Is BG a Buy? What to Consider in 2026

Last updated July 2026

Short answer

The bull case for Bunge Global SA (BG) rests on Viterra merger scale and synergies: The completed Viterra combination roughly doubles Bunge's trailing revenue base toward $70 billion and adds a leading grain-trading and origination network to Bunge's oilseed-processing strength. Revenue (TTM) is ~$70 billion. If you believe that thesis holds, the real questions become position sizing and overlap, not timing. The main risk to that view: Bunge's earnings are highly cyclical and depend on commodity crush margins, harvest sizes, and trade flows it cannot control, so a compression in crush spreads can cut profits sharply. Whether BG is a buy comes down to whether you believe the thesis. This is informational, not a recommendation, and Walnut is not an investment adviser.

Bunge Global SA is a leading global agribusiness and food company that sources, stores, processes, transports, and sells agricultural commodities and food ingredients. It sits among the "ABCD" grain traders (ADM, Bunge, Cargill, Louis Dreyfus) and reports across three segments: Agribusiness (high-volume, low-margin oilseed processing and grain merchandising), Refined and Specialty Oils, and Milling. In July 2025 Bunge closed its roughly $8 billion merger with Glencore-backed Viterra, combining the top oilseed processor with a leading grain trader to form a group valued near $25 billion, and it sold its North American corn milling business the same month. The investment picture is one of scale plus cyclicality. Trailing revenue has jumped to roughly $70 billion as Viterra consolidates, but profitability is driven by the crush spread (the gap between soybean meal and oil prices and the cost of raw soybeans), which swings with harvests, biofuel demand, and trade policy. After a down year in 2024 and softer 2025, analysts model an earnings recovery in 2026 and 2027 as Viterra synergies and a broader footprint kick in, but the payoff depends on integration execution and a commodity backdrop Bunge does not control.

What's the case for buying BG?

1. Viterra merger scale and synergies

The completed Viterra combination roughly doubles Bunge's trailing revenue base toward $70 billion and adds a leading grain-trading and origination network to Bunge's oilseed-processing strength. Management frames the deal as a way to smooth commodity volatility through a more diversified and geographically balanced footprint. Realizing the targeted cost and volume synergies is the central multi-year driver of the earnings story.

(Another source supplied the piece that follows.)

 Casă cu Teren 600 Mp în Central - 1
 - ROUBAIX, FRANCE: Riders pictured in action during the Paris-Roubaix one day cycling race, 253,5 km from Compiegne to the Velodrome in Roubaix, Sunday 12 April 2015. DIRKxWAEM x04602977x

2. Crush margins and biofuel demand

Core Agribusiness profitability tracks the crush spread, which is sensitive to soybean oil demand from renewable diesel and biofuel policy alongside global protein-meal consumption. Firm biofuel feedstock demand can lift oil values and widen crush economics. A sustained 10% move in average crush margins can swing annual EPS by roughly 8 to 12%, making this the single biggest earnings lever.

3. Portfolio reshaping and capital returns

Bunge has been pruning and reshaping, including selling its North American corn milling business in mid-2025, to focus capital on higher-return processing and value-added oils. The company pays a dividend yielding around 3% with a payout ratio near the mid-50s percent, leaving room for reinvestment in growth projects across its global plant network.

4. Earnings recovery expectations into 2026 and 2027

After adjusted EPS stepped down to roughly $7.57 in 2025 from higher prior-year levels, consensus models a rebound toward the mid-$9 range in 2026 and higher in 2027, largely on Viterra contribution and normalizing margins. That recovery is the crux of the forward valuation, which trades at a lower multiple on next year's expected earnings than on trailing results.

What are the risks to BG?

Bunge's earnings are highly cyclical and depend on commodity crush margins, harvest sizes, and trade flows it cannot control, so a compression in crush spreads can cut profits sharply. Expanded soybean and corn production in Brazil and Argentina intensifies competition and can pressure US export economics and margins. Integrating Viterra is a large, multi-year undertaking with execution, cultural, and cost risk, and the added debt and scale raise the stakes if the cycle turns. Biofuel and renewable-diesel policy shifts, tariffs, currency swings, and weather all add volatility to results. Because much of the bull case rests on a forecast earnings recovery, a shortfall against those estimates could weigh on the stock even after its strong run.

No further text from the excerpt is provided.